Lebih lanjut bila benar ditemukan unsur penggunaan kekerasan atau ancaman kekerasan oleh pihak penyedia layanan terhadap pelanggan demi maka dapat terjerat Pasal 368 atas Pemerasan dengan ancaman pidana penjara paling lama 9 (sembilan) tahun. Sedangkan jika terdapat unsur ancaman baik lisan maupun tulisan atau dengan membuka rahasia dapat terjerat Pasal 369 atas Pengancaman dan dapat terancam pidana penjara paling lama 4 (empat) tahun.
Selain itu, pelaku investasi serta pinjaman online ilegal dapat turut melanggar Undang-Undang No. 11 tahun 2008 tentang Informasi dan Transaksi Elektronik (UU ITE). Terkait praktik penipuan, konteks pada Pasal 28 ayat (1) dapat dikenakan kepada siapapun dalam transaksi elektronik menyebarkan berita bohong atau menyesatkan yang mengakibatkan kerugian konsumen, pelanggaran terhadap Pasal 28 ayat (1) kemudian sesuai Pasal 45A dapat dikenakan pidana penjara paling lama 6 (enam) tahun dan/atau denda maksimal Rp1.000.000.000,00 (satu miliar rupiah).
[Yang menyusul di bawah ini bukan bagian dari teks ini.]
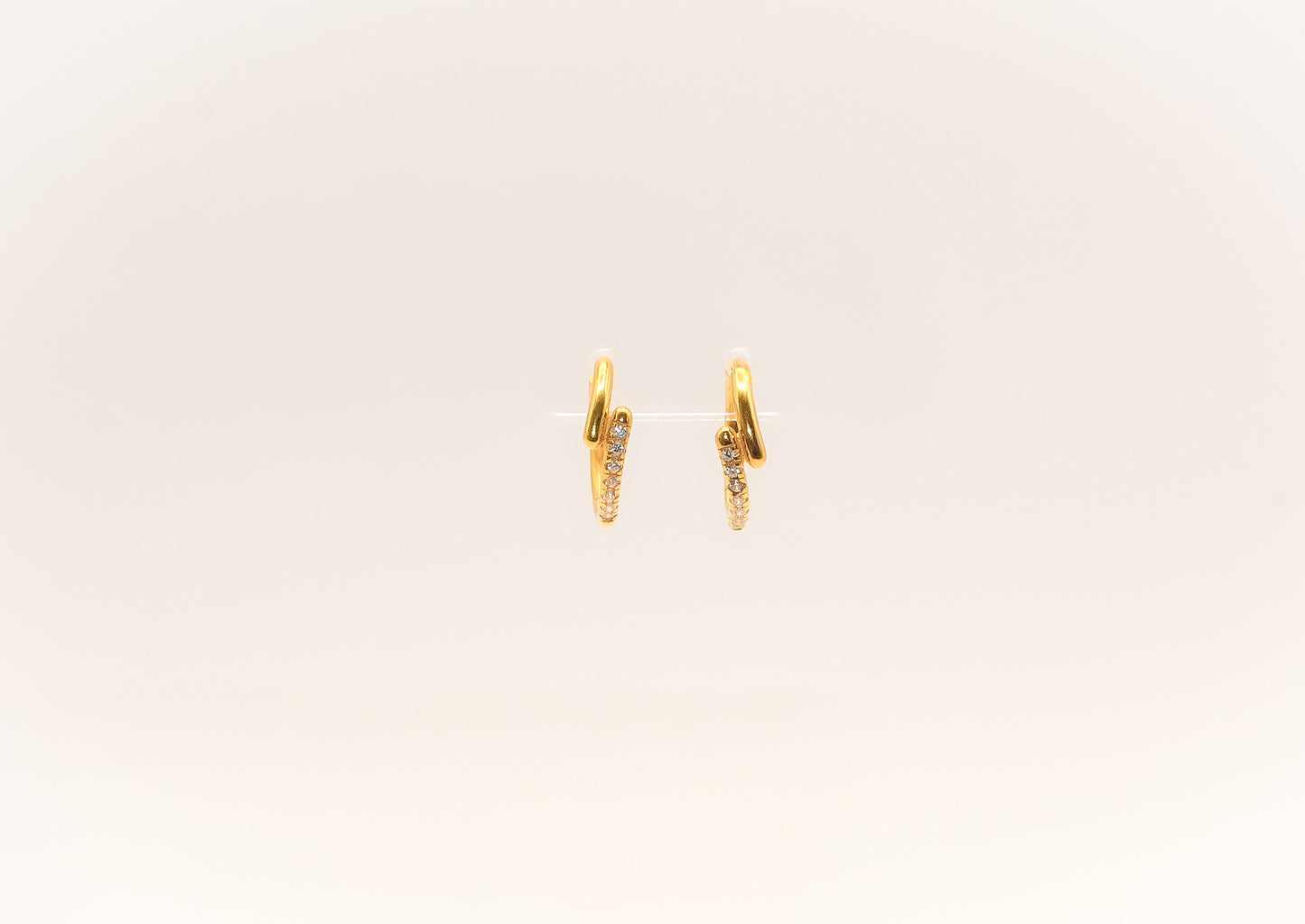 21K Gold Kids Mini Studded Huggies Earrings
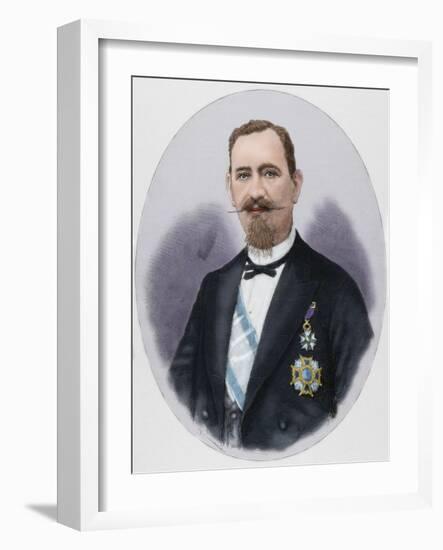 Matias Lopez Lopez (1825-1891). by Arturo Carretero (1852-1903). Coloured-Arturo Carretero y Sánchez-Framed Giclee Print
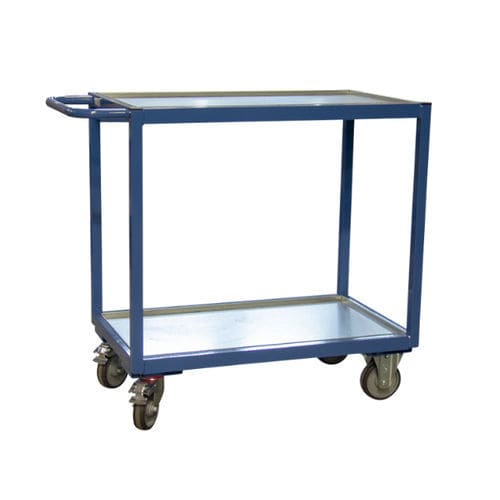 Metal workbench - Manuvit - for workshops / mobile / with shelves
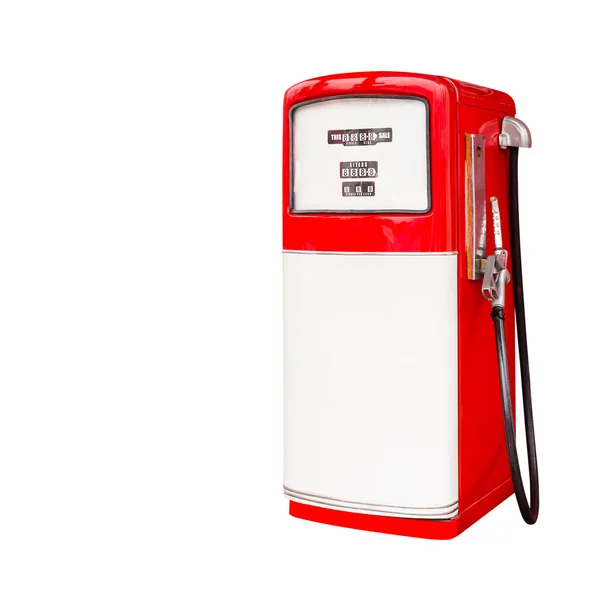 Retro fuel dispenser isolated on white — Stock Photo, Image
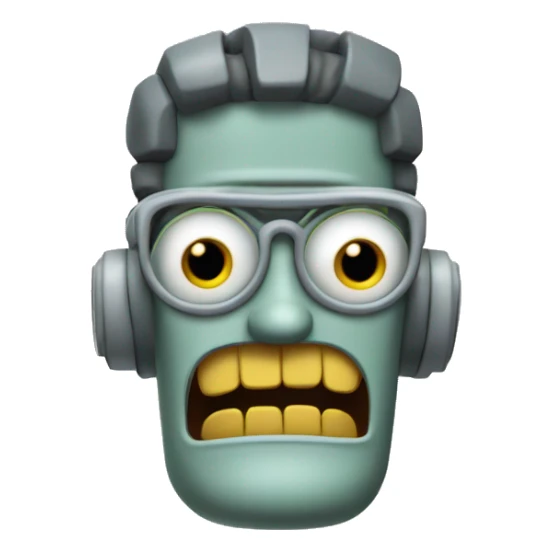 Bender from futurama, as a fast food manager sticker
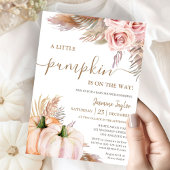 小さなカボチャフローラ秋カボチャ赤ちゃんシャワー 招待状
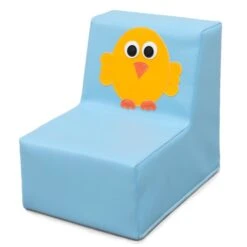 Fauteuil En Mousse - Motif Oiseau Jaune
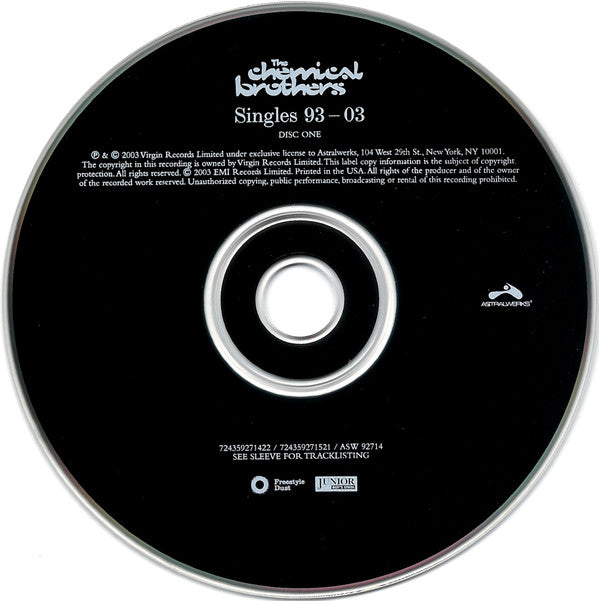 The Chemical Brothers : Singles 93-03 (2xCD, Comp, Ltd)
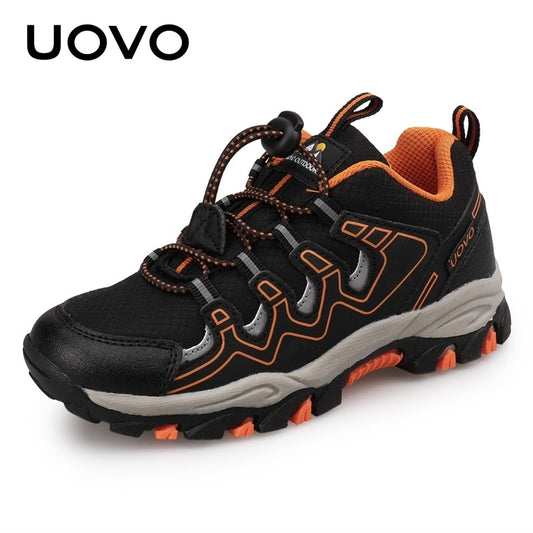 UOVO 2022 New Boys Girls Sports Children Footwear Outdoor Breathable Kids Hiking Shoes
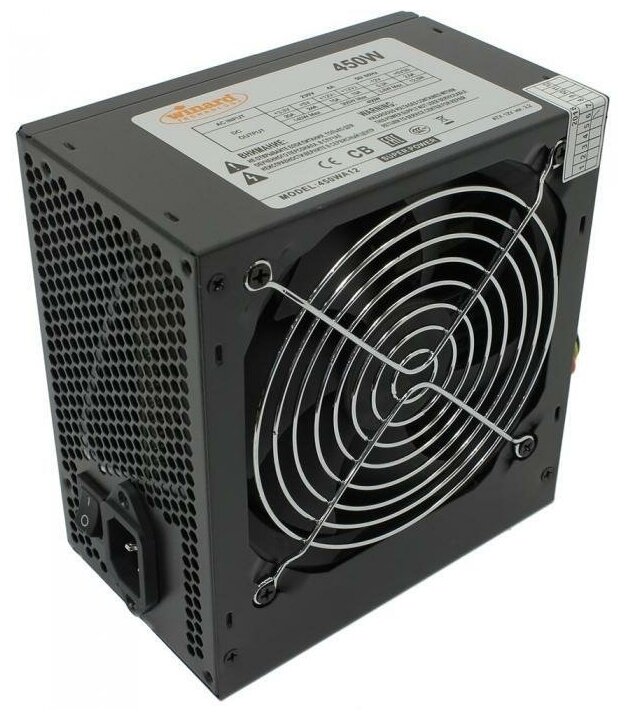 Б/питания Winard 450W (450WA) ATX, 8cm fan, 20+4pin +4Pin, 2*SATA, 1*FDD, 2*IDE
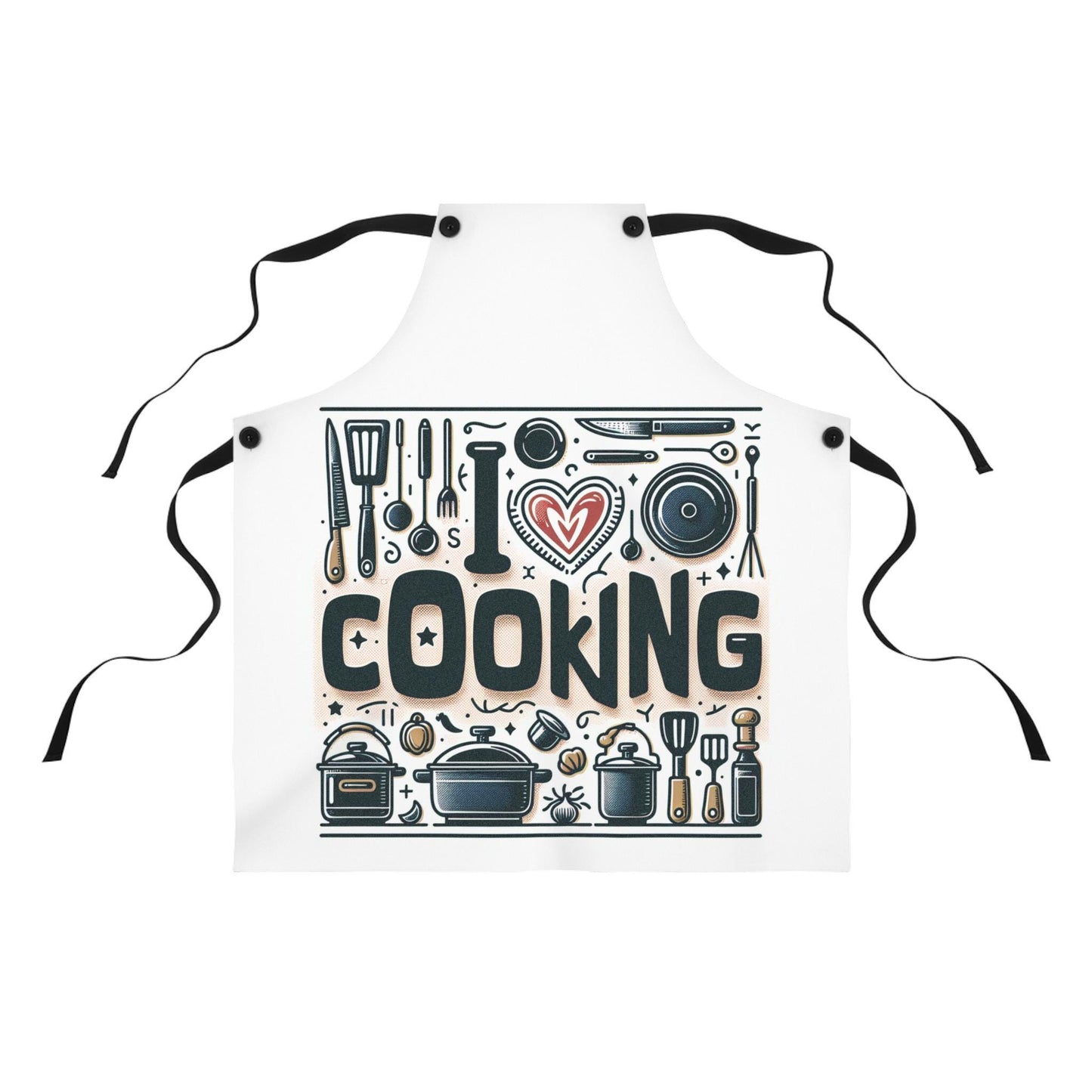 Versatile All-Over Print Apron: Stylish Kitchen Accessory for Cooking, Baking, and Crafting - Toddcraft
Sesuai dengan Pasal 27 ayat (4) dapat berlaku jika unsur pemerasan dan/atau pengancaman dengan ancaman paling lama 6 (enam) tahun dan/atau denda paling banyak Rp1.000.000.000,00 (satu miliar rupiah). Adapun juga dapat terjerat oleh Pasal 29 tentang ancaman kekerasan atau menakut-nakuti dengan ancaman pidana penjara paling lama 4 (empat) tahun dan/atau denda paling banyak sebesar Rp750.000.000,00 (tujuh ratus lima puluh juta rupiah). Ancaman berupa penyebaran data pribadi dapat dikenakan Pasal 32 ayat (1) dengan ancaman pidana penjara paling lama 8 (delapan) tahun dan/atau denda paling banyak Rp2.000.000.000,00 (dua miliar rupiah).
Rawannya bagi sebagian masyarakat untuk terjebak dalam skema investasi bodong ataupun terlilit oleh praktik pinjol ilegal hingga saat ini masih menjadi tantangan dalam menghadapi maraknya praktik fintech ilegal demikian. Di satu sisi dapat dikarenakan yang belum memahami karakteristik investasi, sehingga cenderung lebih tergiur oleh penawaran yang dijanjikan oleh produk investasi dan pinjaman online. Dalam hal ini maka edukasi atau literasi keuangan digital merupakan upaya lebih lanjut untuk mencegah kerugian dari maraknya kasus fintech ilegal.
Saat ini pihak seperti Otoritas Jasa Keuangan (OJK) merupakan pihak terutama dalam mengatasi maraknya praktik investasi bodong dan pinjaman online ilegal sebagaimana perusahaan yang mengoperasikan praktik tersebut sudah jelas merupakan perusahaan yang berjalan tanpa izin dan pengawasan dari OJK. OJK dalam hal ini aktif dalam mencari serta memblokir entitas dan pinjaman online ilegal yang tugasnya dilakukan oleh Satgas Waspada Investasi (SWI) meliputi penutupan akses terhadap situs/website maupun juga aplikasi.
Akan tetapi pemblokiran situs web maupun aplikasi oleh SWI belum tentu bisa mengatasi kehadiran praktik fintech yang ilegal, sebagaimana upaya pemblokiran cenderung berjangka pendek dengan mudahnya bagi para pelaku investasi bodong dan pinjol ilegal untuk membuat produk layanan serupa. Kewaspadaan dan kebijakan masyarakat dalam memilih produk investasi dan pinjaman online lanjut kedepannya dapat mencegah korban penipuan fintech ilegal yang selanjutnya.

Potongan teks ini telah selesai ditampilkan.